Business Services Industry
CLARCOR Reports Record Third Quarter 2005 Results; Net Earnings up 31%; Earnings Per Share up 29%
Business Wire, Sept 14, 2005
FRANKLIN, Tenn. -- CLARCOR Inc. (NYSE: CLC):
Unaudited Fiscal Third Quarter and Nine Months 2005 Highlights
(Amounts in thousands, except per share data and percentages)
----------------------------------------------------------------------
Quarter Ended % Nine Months Ended %
8/27/05 8/28/04 Change 8/27/05 8/28/04 Change
----------------------------------------------------------------------
Net Sales $216,403 $206,209 4.9 $632,450 $580,193 9.0
Operating
Profit $31,052 $25,500 21.8 $79,685 $67,106 18.7
Net Earnings $20,855 $15,875 31.4 $51,355 $42,450 21.0
Diluted
Earnings Per
Share $0.40 $0.31 29.0 $0.98 $0.82 19.5
----------------------------------------------------------------------
Third Quarter and Nine Months 2005 Operating Review
CLARCOR Inc. (NYSE: CLC) reported today that third quarter 2005 sales increased by 5%, and net earnings and diluted earnings per share increased by 31% and 29%, respectively, compared to the same quarter in 2004. Third quarter operating profit increased by 22%, and operating margins improved to 14.3% in 2005 from 12.4% in 2004.
For the nine-month 2005 period, sales increased by 9%, and net earnings and diluted earnings per share rose by 21% and 20%, respectively, compared to 2004. Nine-month operating profit increased by 19%, and operating margins improved to 12.6% in 2005 from 11.6% in 2004.
Third quarter 2005 and 2004 results were impacted by two items:
--In the third quarter 2005, CLARCOR recorded a $1.2 million or $0.02 per share benefit arising from a settlement with the Internal Revenue Service of a tax issue involving a deduction for costs incurred at a subsidiary.
--In the third quarter 2004, CLARCOR incurred $1.5 million or $0.02 per share after-tax, in headquarters relocation costs.
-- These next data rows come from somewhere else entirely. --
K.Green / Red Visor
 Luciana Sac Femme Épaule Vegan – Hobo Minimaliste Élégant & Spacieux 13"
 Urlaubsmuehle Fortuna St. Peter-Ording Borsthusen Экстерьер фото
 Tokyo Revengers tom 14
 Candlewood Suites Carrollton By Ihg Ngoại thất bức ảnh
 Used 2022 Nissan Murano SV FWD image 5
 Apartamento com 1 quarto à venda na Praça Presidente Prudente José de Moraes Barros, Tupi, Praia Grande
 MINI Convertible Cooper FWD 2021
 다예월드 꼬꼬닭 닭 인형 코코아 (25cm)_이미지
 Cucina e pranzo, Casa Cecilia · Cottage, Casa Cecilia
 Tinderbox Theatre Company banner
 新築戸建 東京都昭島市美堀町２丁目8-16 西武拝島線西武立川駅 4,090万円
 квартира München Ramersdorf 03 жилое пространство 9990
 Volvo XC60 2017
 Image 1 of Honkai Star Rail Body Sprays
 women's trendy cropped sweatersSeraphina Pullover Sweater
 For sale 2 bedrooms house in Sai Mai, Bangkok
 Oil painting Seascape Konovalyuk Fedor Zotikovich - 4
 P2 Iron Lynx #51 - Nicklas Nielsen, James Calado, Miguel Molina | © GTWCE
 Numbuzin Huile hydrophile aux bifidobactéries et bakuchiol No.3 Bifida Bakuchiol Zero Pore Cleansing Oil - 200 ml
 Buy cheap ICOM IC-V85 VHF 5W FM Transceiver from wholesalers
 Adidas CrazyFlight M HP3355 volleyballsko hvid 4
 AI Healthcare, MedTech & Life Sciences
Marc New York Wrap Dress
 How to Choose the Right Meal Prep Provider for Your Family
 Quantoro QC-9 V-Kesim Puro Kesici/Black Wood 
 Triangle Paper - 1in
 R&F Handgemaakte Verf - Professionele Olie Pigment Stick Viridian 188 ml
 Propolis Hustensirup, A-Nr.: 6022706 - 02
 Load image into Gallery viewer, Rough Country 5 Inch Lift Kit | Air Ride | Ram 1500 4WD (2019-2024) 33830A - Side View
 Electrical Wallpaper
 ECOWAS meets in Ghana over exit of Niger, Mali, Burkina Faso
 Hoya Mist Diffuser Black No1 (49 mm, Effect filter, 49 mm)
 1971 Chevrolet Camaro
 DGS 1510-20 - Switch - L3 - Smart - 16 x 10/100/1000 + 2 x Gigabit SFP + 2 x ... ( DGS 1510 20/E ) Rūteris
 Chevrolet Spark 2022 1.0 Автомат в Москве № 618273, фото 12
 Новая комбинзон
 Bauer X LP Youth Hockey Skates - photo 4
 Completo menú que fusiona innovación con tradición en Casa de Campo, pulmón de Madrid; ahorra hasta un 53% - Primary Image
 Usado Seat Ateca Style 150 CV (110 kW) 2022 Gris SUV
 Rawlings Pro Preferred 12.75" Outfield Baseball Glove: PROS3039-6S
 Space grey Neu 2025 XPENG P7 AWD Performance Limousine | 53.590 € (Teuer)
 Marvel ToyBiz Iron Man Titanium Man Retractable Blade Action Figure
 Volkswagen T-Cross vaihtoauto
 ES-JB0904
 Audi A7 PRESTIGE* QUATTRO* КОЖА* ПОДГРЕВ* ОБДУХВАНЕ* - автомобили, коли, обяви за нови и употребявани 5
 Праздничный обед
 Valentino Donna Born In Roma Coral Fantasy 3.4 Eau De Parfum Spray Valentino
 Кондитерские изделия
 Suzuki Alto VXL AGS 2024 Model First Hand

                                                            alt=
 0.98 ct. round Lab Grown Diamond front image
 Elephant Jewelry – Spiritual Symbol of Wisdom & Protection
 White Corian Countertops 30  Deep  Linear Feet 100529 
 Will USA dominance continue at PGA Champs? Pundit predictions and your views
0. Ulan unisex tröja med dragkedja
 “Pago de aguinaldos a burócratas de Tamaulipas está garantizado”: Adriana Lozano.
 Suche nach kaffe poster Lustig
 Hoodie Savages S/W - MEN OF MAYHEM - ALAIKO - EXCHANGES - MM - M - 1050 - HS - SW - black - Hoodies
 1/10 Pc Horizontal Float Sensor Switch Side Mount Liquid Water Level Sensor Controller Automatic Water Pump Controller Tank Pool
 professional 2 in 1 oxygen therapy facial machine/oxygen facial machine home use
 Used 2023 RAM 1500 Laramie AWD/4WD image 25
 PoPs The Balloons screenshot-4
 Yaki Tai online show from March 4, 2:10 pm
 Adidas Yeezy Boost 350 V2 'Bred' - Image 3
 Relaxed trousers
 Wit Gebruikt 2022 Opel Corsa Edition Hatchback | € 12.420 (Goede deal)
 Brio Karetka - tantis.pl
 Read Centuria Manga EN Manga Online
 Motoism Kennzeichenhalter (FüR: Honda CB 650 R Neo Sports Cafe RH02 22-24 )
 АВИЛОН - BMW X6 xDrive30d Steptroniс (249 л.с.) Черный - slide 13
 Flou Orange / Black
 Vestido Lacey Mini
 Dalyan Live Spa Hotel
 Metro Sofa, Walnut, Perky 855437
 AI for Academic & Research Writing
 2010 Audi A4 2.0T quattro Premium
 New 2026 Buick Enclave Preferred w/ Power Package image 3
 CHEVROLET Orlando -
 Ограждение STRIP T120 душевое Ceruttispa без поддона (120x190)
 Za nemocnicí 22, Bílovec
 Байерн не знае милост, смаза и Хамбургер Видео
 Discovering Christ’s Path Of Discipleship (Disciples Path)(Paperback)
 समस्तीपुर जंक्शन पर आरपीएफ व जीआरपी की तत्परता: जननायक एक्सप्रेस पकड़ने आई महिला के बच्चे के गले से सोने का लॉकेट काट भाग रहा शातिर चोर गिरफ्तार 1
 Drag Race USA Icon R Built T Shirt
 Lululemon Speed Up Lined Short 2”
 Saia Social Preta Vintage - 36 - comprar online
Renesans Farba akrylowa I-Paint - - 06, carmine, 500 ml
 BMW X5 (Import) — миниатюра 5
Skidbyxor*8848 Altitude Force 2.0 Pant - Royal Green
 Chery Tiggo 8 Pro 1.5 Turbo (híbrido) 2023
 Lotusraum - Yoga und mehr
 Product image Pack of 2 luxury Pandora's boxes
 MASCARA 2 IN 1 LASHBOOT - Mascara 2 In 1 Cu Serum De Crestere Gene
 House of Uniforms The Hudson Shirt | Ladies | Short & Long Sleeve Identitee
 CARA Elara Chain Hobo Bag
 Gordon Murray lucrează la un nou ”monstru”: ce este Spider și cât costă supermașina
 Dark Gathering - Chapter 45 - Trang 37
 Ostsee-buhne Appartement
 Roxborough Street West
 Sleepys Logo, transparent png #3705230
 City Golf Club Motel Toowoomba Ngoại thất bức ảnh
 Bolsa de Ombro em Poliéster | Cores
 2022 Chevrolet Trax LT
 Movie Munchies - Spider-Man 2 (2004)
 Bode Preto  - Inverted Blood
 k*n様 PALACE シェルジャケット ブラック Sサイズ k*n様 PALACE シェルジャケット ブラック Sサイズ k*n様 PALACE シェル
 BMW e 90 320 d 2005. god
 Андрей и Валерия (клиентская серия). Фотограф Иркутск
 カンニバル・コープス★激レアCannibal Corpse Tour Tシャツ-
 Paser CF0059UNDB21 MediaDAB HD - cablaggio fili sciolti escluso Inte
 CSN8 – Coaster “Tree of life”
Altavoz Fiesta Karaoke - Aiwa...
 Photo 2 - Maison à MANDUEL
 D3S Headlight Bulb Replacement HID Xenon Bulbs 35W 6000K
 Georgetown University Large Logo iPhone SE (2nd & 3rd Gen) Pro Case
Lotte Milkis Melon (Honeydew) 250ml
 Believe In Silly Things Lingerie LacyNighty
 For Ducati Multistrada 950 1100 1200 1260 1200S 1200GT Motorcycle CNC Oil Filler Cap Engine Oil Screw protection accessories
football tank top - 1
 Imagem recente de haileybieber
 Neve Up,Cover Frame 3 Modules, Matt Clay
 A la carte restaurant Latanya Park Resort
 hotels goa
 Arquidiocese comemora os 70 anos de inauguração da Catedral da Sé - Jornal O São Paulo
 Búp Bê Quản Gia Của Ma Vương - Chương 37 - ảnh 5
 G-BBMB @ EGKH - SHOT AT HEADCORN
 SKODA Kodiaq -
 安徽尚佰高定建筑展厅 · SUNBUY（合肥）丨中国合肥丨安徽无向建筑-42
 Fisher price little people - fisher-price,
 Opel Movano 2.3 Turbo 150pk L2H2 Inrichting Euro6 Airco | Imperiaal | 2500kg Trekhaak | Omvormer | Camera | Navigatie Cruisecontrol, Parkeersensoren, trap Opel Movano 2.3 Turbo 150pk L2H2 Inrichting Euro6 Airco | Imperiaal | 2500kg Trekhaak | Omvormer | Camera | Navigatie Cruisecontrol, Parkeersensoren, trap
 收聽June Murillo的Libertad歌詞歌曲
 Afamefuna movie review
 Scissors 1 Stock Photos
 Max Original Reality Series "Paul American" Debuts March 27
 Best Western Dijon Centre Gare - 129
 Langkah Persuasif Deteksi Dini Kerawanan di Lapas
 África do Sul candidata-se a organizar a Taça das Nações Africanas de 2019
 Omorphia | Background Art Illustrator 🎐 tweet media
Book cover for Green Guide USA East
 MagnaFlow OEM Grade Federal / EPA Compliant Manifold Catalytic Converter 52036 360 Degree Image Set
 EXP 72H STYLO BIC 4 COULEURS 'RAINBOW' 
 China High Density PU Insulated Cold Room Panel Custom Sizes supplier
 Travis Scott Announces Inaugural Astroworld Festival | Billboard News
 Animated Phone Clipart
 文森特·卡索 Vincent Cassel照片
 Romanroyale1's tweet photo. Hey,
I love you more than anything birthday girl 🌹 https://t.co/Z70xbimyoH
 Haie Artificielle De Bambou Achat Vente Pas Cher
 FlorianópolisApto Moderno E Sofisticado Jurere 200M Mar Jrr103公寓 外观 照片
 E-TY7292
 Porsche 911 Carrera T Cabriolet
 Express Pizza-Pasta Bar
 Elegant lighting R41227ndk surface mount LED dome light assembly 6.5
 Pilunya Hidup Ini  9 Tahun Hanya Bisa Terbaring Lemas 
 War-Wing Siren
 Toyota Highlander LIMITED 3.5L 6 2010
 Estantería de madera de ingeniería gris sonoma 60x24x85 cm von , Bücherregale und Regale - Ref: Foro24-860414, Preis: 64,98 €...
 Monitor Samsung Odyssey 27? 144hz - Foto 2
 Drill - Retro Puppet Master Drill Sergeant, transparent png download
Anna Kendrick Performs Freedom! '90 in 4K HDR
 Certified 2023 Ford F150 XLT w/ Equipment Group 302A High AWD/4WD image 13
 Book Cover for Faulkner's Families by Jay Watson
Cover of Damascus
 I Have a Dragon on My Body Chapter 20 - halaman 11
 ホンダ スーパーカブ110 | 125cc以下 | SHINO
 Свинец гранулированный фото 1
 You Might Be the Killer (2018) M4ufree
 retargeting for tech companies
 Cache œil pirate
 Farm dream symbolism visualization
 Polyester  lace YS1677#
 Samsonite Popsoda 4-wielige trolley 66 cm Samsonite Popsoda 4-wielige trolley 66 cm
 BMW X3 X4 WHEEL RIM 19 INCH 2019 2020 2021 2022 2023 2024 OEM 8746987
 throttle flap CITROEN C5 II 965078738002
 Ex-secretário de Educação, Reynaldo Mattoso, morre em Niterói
There were no costs incurred in the third quarter 2005.
Excluding the tax benefit and relocation costs from third quarter 2005 and 2004 results, third quarter 2005 operating profit increased by 15%, net earnings by 17% and diluted earnings per share by 15%. Operating margins improved to 14.3% from 13.1%.
Norm Johnson, CLARCOR's Chairman and Chief Executive Officer, said, "We had an excellent third quarter driven by continuing growth and increasing profitability in our Engine/Mobile segment and the steady improvement in our Packaging business. Several of the businesses in our Industrial/Environmental segment did not meet our expectations and we have made significant changes to address these issues.
"Our Engine/Mobile Filtration segment sales grew by over 8% this quarter with increases in most product categories, particularly heavy-duty and locomotive filtration, and also included increases in both aftermarket and OEM sales. Our international engine businesses also grew strongly led by over a 50% sales increase in China. Operating margins improved to 22.6% in the third quarter 2005 from 20.2% in last year's third quarter. The improved margins stem largely from increased operating efficiencies as sales grew, improvement in our operations in the U.K. and price increases in the quarter to offset raw material cost increases incurred earlier this year.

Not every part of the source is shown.